It will be noted that the control logic unit 22 also has inputs from a closed throttle switch which has the function of holding the solenoid on-off valves in position when the throttle is open, as will be discussed below. Also supplied to control logic unit 22 is an input signal from the start solenoid which allows the air valve to open faster than normal at the time of engine start-up by energizing the supply solenoid 24. Without the above option, the normal logic system would not supply needed air flow quick enough during cold engine starting to prevent the engine from flooding before start-up.
FIG. 2 is a control logic block diagram of the system heretofore described. In this system, the distributor output consisting of a series of voltage spikes of frequency varying with engine speed is supplied to a pulse-forming network 32 which converts these voltage spikes into a series of uniform trigger pulses which are supplied to the sample and hold speed sensor 34. Again, this speed sensor has an input from the engine coolant temperature for the purpose of varying the output, which is a direct current voltage proportional to RPM, with coolant temperature. This output is supplied to each of two summing amplifiers 36 and 38, amplifier 36 controlling return flow and the other summing amplifier 38 controlling supply flow. Each of these amplifiers receives an idle speed set point signal from a regulated voltage source 40. The summing amplifier 36 will produce an output varying in voltage, depending upon the magnitude of the speed error above the idle speed set point to a pulse width modulator 42.
When the engine speed is below that set on the idle speed set point, the summing amplifier 38 will have a d.c. output varying in magnitude with the speed error, and this output is supplied to a pulse width modulator 44. At a given engine speed only one of summing amplifiers 36 or 38 can have an output voltage, but if the engine speed corresponds with the desired engine speed as requested from idle speed set point 40, neither summing amplifier will have an output voltage. A 25 Hz oscillator 46 is connected to each of pulse width modulators 42 and 44. It serves to convert a speed error signal from either of summing amplifiers 36 or 38 into a string of pulses having a width proportional to the magnitude of the speed error. The opposite pulse with modulator will also produce a series of narrow pulses which are supplied to one of the two driver circuits 38 or 50. In the example shown in FIG. 2, pulse width modulator 42 is producing output pulses of significant width to driver 48, and pulse width modulator 44 is producing very narrow pulses to driver 50. These pulses to driver 50 are too short to cause operation of the supply solenoid-operated on-off valve 24. The pulses of substantial width supplied to driver 48 will cause this driver to operate the return solenoid-operated on-off valve 28 to return fuel to the tank, thereby reducing air flow.

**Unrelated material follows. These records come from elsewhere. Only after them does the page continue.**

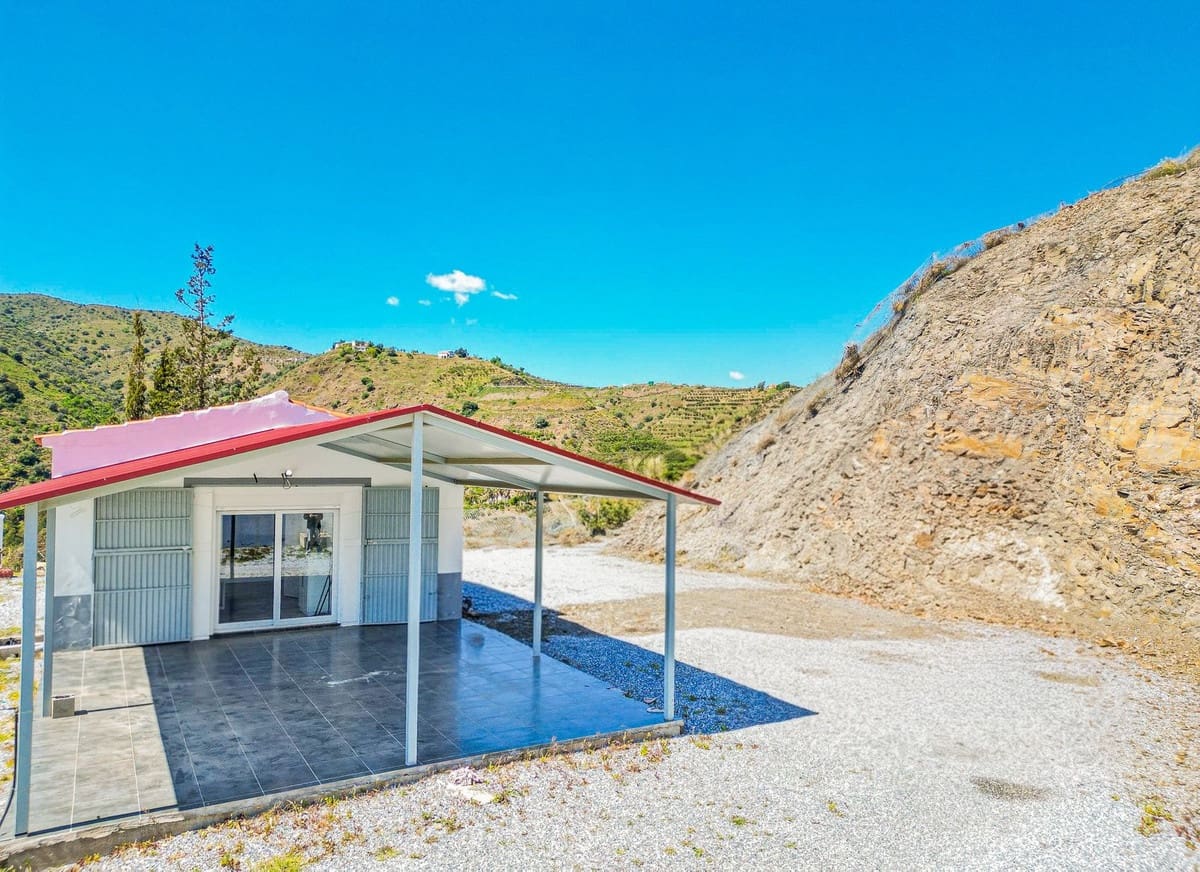 1 bedroom Villa for sale in Vinuela with garage - € 420,000 (Ref: 9755189)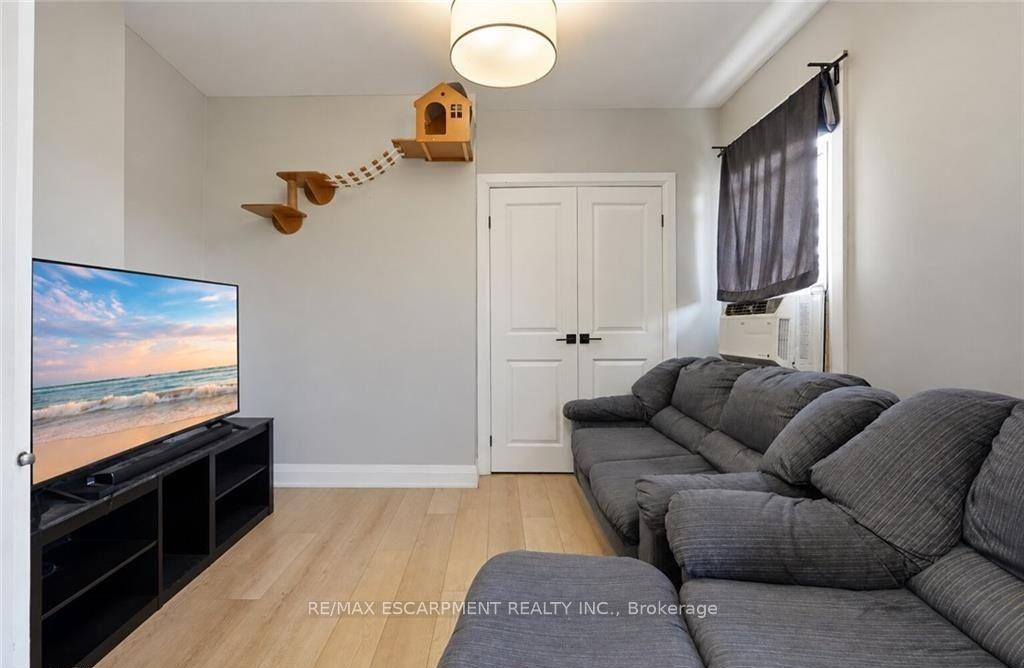 Photo 25 of 106 Barnesdale Avenue N, Hamilton, Stipley — HOMEH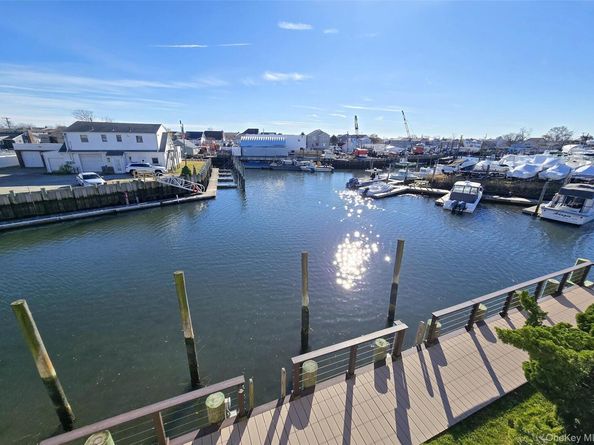 47 Anchor Street Y, Freeport NY 11520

The start solenoid input signal and the closed throttle switch input signal are connected to both of pulse width modulators 42 and 44. As shown, the start solenoid signal causes the modulator 44 to provide a high level signal during start-up to the driver 50 which holds the supply solenoid-operated on-off valve open, thus allowing faster opening of the air valve than normally supplied through the idle speed logic. Similarly, the closed throttle switch will shut off valves 24 and 28 so that air valve 14 will not react and move when the driver opens throttle 12.
Referring now to FIG. 3, the engine distributor output appears at a terminal 60 in the form of a series of ignition spikes. These spikes are supplied to a transistor 62 acting as a switch, and it, in turn, provides an input signal to an operational amplifier 64 whose function is to convert this series of spikes to a string of regular negative-going pulses which appear at a junction 66 as indicated on the diagram. The negative-going pulses appearing at junction 66 are supplied to, among other things, a trigger circuit including a capacitor 68 which will convert these pulses to a series of positive and negative-going spikes, the positive spikes serving to trigger a transistor 70 causing it, in turn, to turn on a transistor 72, thereby connecting the positive voltage source in its emitter circuit directly across a capacitor 74. To simplify the diagram, connections to a suitable d.c. power supply source are shown throughout as connected to AA+.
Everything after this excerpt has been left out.